SAP Labs Canada is the first business in Canada to receive the ‘Accessibility Certified Gold’ rating under the Rick Hansen Foundation Accessibility Certification (RHFAC) program for their Vancouver office building.
The RHFAC is a LEED-style rating system – the first of its kind in Canada – to bring a national standardized measurement to help owners and tenants consistently evaluate the physical accessibility of their buildings. The rating system determines the accessibility of commercial, institutional, and multi-unit residential buildings. Buildings that reach specific levels are recognized as being ‘Accessibility Certified’ or ‘Accessibility Certified Gold.’
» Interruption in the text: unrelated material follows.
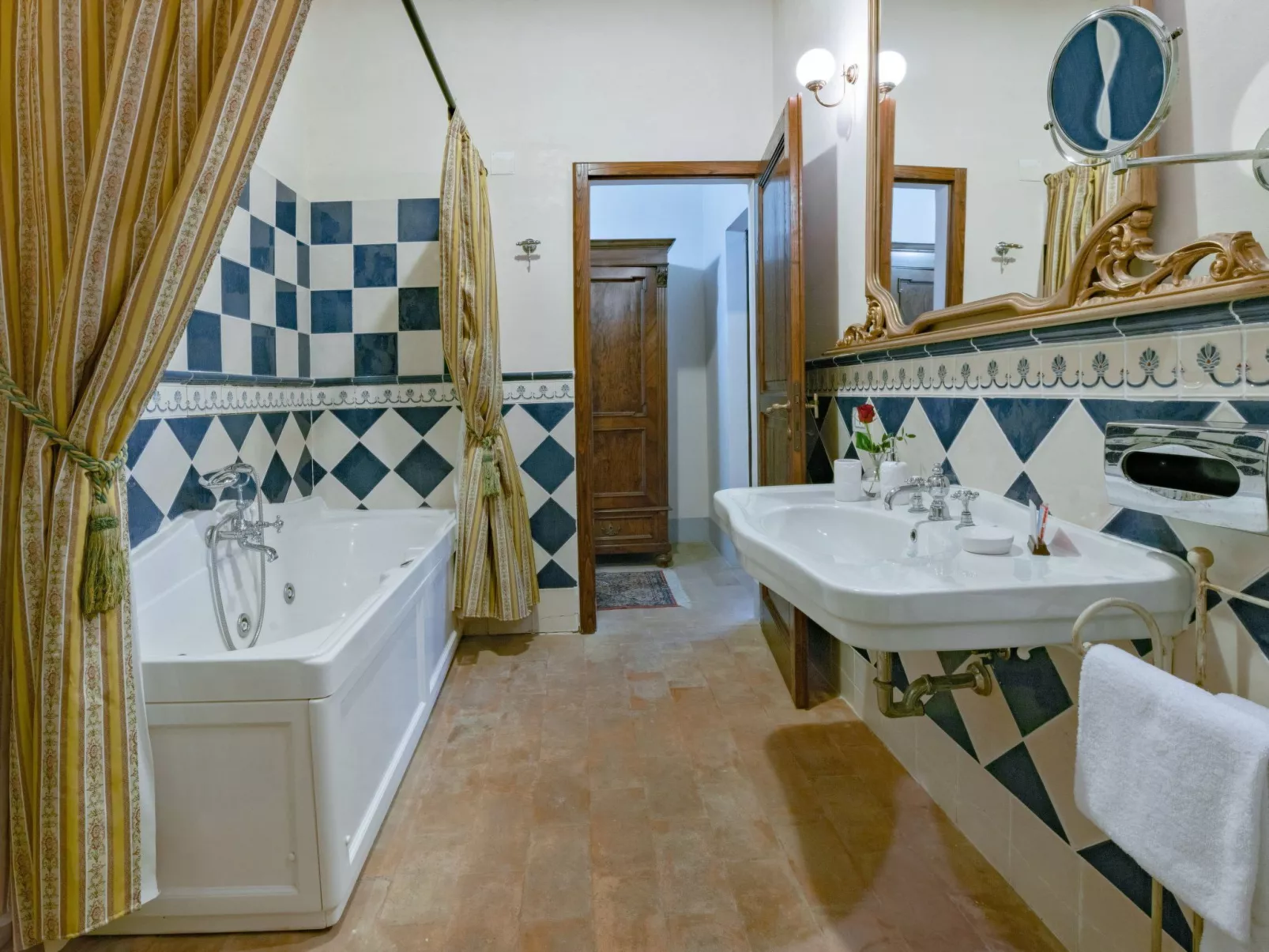 Ferienvilla 'Michelangelo' mit privatem Pool-Binnen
Currently, there is no unified standard for measuring accessibility in the places and spaces where people live, work, learn and play in Canada. Yet one in seven Canadian adults identify as having a disability, and this is expected to grow to as high as one in five by 2036 due in part to the aging Baby Boomer population.
To date, more than 800 buildings across B.C. are registered to be rated and SAP Labs Canada is one of the businesses that integrates accessibility into every aspect of the site’s design. In doing this, SAP has removed barriers and improved accessibility for its 1,400 Vancouver employees. Among the many features that helped the SAP site on Mainland St, Vancouver, earn its gold rating are the following; the use of highly visible wayfinding signage and visual markers, to help people navigate and identify their location within the building; interior corridors that allow two people with mobility disabilities to travel side by side; adjustable furniture and spaces that accommodate people of varying abilities; an accessible fitness area and showers; a refuge area for emergency situations; a wheelchair lift; and elevators with braille.
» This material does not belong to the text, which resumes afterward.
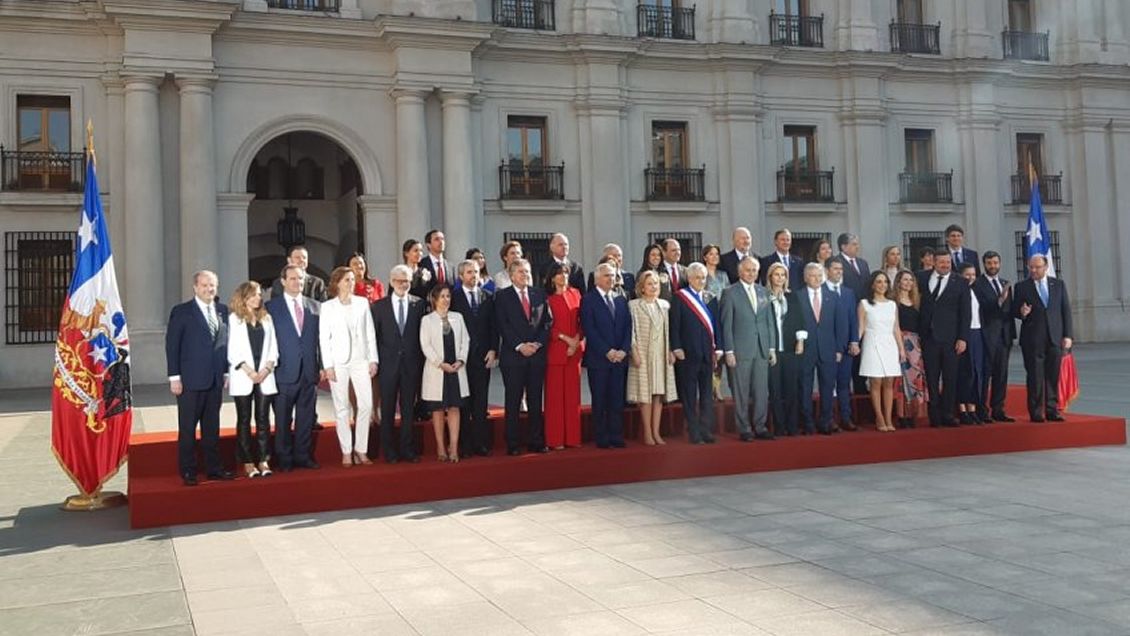 Efecto crisis: Sólo el 6% aprueba al Gobierno de Piñera, según la CEP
Speaking at an event to celebrate SAP’s achievement, Rick Hansen, Founder and CEO of the Rick Hansen Foundation said: “I want to congratulate SAP Labs Canada for this incredible achievement, and I hope it inspires others to incorporate best practices and a holistic view of Universal Design within their buildings. The accessibility movement is building momentum. With an aging population, a growing number of people with disabilities and federal accessibility legislation on the way, businesses need to accommodate people of varying abilities. Improving accessibility and supporting people with disabilities is not only a charitable and a human rights issue, but an economic imperative.”